■ What is being asked:
Could you write the entries out again, exactly as they are?

[Records from a collection]
────────────────

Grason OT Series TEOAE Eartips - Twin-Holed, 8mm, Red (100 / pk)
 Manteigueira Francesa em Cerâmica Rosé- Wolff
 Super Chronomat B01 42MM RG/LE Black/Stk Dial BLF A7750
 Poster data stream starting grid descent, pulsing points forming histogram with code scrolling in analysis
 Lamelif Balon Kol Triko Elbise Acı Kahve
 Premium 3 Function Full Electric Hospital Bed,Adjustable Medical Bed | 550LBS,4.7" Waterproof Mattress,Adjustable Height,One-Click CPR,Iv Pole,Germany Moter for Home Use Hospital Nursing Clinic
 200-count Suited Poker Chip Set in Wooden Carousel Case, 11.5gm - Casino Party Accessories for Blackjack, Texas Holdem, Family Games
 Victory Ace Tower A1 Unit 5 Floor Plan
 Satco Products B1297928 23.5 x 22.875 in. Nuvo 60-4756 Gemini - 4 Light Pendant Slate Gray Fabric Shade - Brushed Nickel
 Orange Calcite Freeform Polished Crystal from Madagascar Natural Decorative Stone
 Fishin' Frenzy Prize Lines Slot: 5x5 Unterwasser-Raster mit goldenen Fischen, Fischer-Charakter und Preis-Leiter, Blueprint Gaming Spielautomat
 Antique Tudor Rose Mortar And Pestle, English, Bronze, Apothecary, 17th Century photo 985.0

────────────────

■ Result for this task:
Grason OT Series TEOAE Eartips - Twin-Holed, 8mm, Red (100 / pk)
 Manteigueira Francesa em Cerâmica Rosé- Wolff
 Super Chronomat B01 42MM RG/LE Black/Stk Dial BLF A7750
 Poster data stream starting grid descent, pulsing points forming histogram with code scrolling in analysis
 Lamelif Balon Kol Triko Elbise Acı Kahve
 Premium 3 Function Full Electric Hospital Bed,Adjustable Medical Bed | 550LBS,4.7" Waterproof Mattress,Adjustable Height,One-Click CPR,Iv Pole,Germany Moter for Home Use Hospital Nursing Clinic
 200-count Suited Poker Chip Set in Wooden Carousel Case, 11.5gm - Casino Party Accessories for Blackjack, Texas Holdem, Family Games
 Victory Ace Tower A1 Unit 5 Floor Plan
 Satco Products B1297928 23.5 x 22.875 in. Nuvo 60-4756 Gemini - 4 Light Pendant Slate Gray Fabric Shade - Brushed Nickel
 Orange Calcite Freeform Polished Crystal from Madagascar Natural Decorative Stone
 Fishin' Frenzy Prize Lines Slot: 5x5 Unterwasser-Raster mit goldenen Fischen, Fischer-Charakter und Preis-Leiter, Blueprint Gaming Spielautomat
 Antique Tudor Rose Mortar And Pestle, English, Bronze, Apothecary, 17th Century photo 985.0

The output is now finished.